STATUS: Totally celebrating. Instead of 300, I only have 60 emails in my inbox. It’s the small things in life.
What’s playing on the iPod right now? ZOOT SUIT RIOT by Cherry Poppin’ Daddies
This month I’m putting several projects out on submission and I just read a discussion about this on the Backspace chat forum so it seemed like a good topic to bring up.
If you are an agented author with a project on submission, do you request to see your rejection letters?
At my agency, my clients don’t really have a choice (or at least I never really gave them one). When a rejection letter arrives, I immediately forward.
Why? Well, for several reasons.
I, in general, believe that an author has the right to see any communication regarding their project. It is, after all, their work.
Besides, if I don’t forward it right there in then, it’s unlikely I’m going to remember to send it later on. We do everything electronically here and yes, I do save the email letter in the client’s file but I almost never look at it again once a letter comes through. I know some agents wait until all the responses are in and then send them on but I think that would drive me crazy—like work hadn’t been completed or worse yet, I’d forget to send the letters at that point in time. Better to forward right away for my general peace of mind. Now I realize that it might not cause peace for the author so I always forward with commentary—either an encouraging note, or some inside insight to the editor and why he/she personally might have passed etc.

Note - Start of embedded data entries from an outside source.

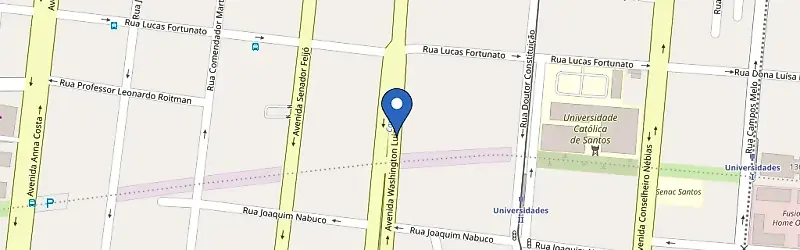 Mapa da estação Toriba GWM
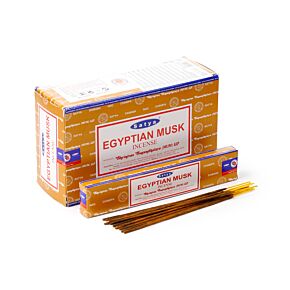 01420 Nag Champa Satya - VFM Almíscar Egípcio - Sticks de Incenso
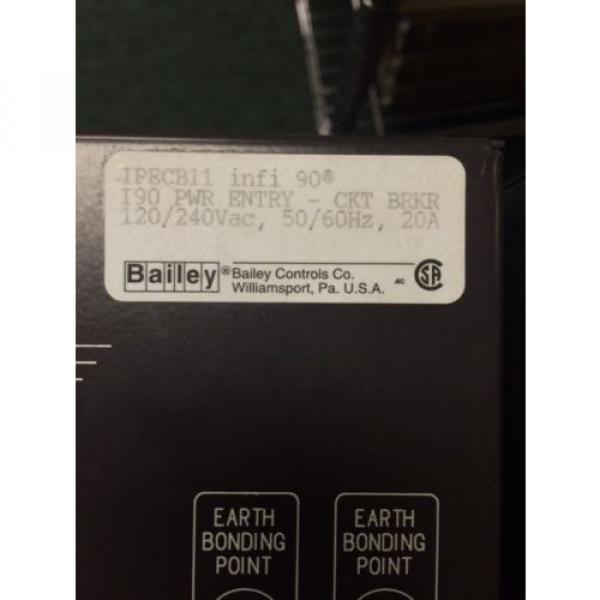 ABB Bailey Infi 90 Power Entry Circuit Breaker IPECB11 #2 image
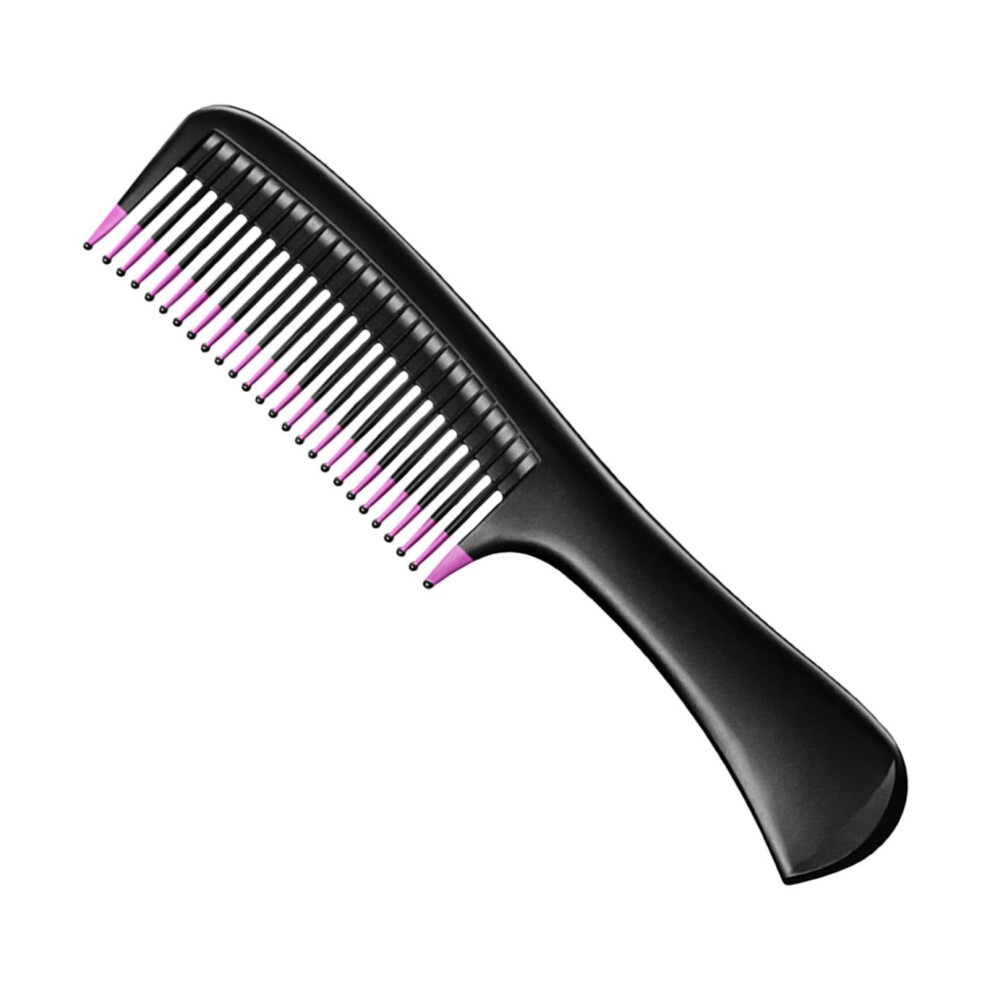 Unisex Detangling Hair Comb For Thick Curly Hair With Antistatic Bead Teeth And Gentle Scalp Massage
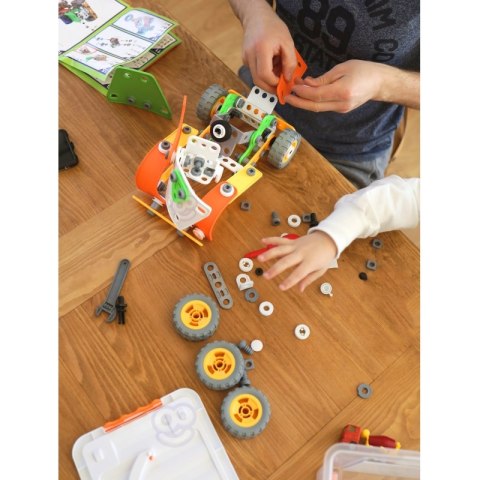 ZESTAW KLOCKI KONSTRUKCYJNE POJAZDY STEM 163 EL KREATYWNE DLA DZIECI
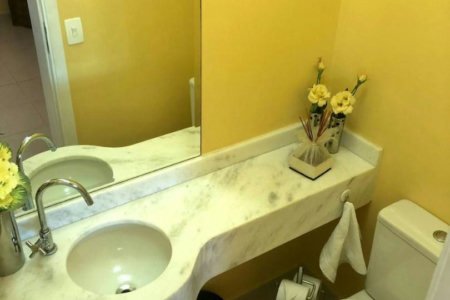 Apartamento com 3 dormitórios à venda, 135 m² por R$ 1.550.000,00 - José Menino - Santos/SP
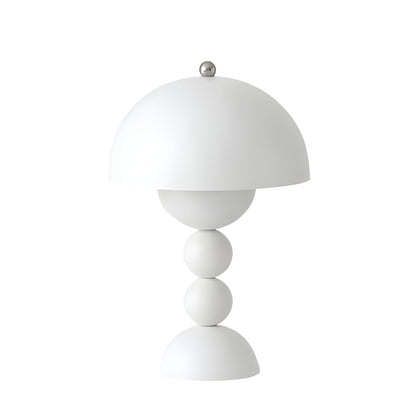 Simple White LED Desk Lamp with Dimmer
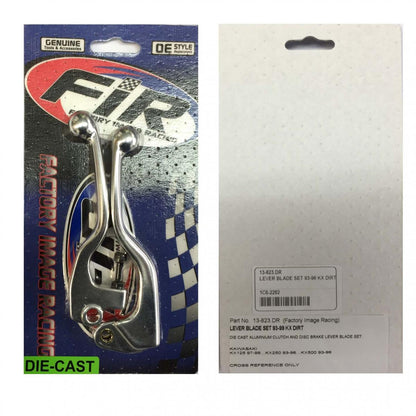 LEVER BLADE SET 93-96 KX DIRT
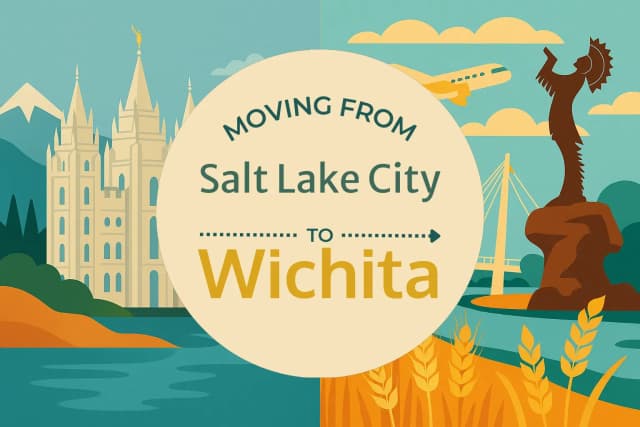 Moving from Salt Lake City to Wichita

If editor feedback is helpful, I ask that the author to keep it in mind. If it’s not, I say just roll with it. Rejection is a part of the publishing game and I think in the long run, it’s in an author’s best interest to develop a thick skin. If the rejections in the submission stage bother you, just imagine how hard it will be to take a bad review?
Buck up and deal with it. It’s not personal (though it feels so). It’s simply a part of being a writer. Now of course, any client can call and bemoan the letter. I’m okay with that as that is a normal, human response. Or write a venting email to me about the editor’s lack of vision. That’s just fine too. If you can’t vent to your agent, who can you vent to?
Luckily, as of late, I’ve sold just about every project and for clients, rejections are so much easier to take when there is an offer already on the table. Funny how that works.
And if you are a writer who hasn’t reached the agent and the publisher submission stage and may still be looking for that elusive agent, then rejections just signal that you are in the game.
Considering that 90% of the population wants to write a novel but never have the guts to go for it, being in the game is a huge thing. Even though it sucks, rejections are a badge of honor. A rite of passage for when the publishing day finally arrives. Every published writer has a story of a rejection.
You can’t tell a good keynote speech without it!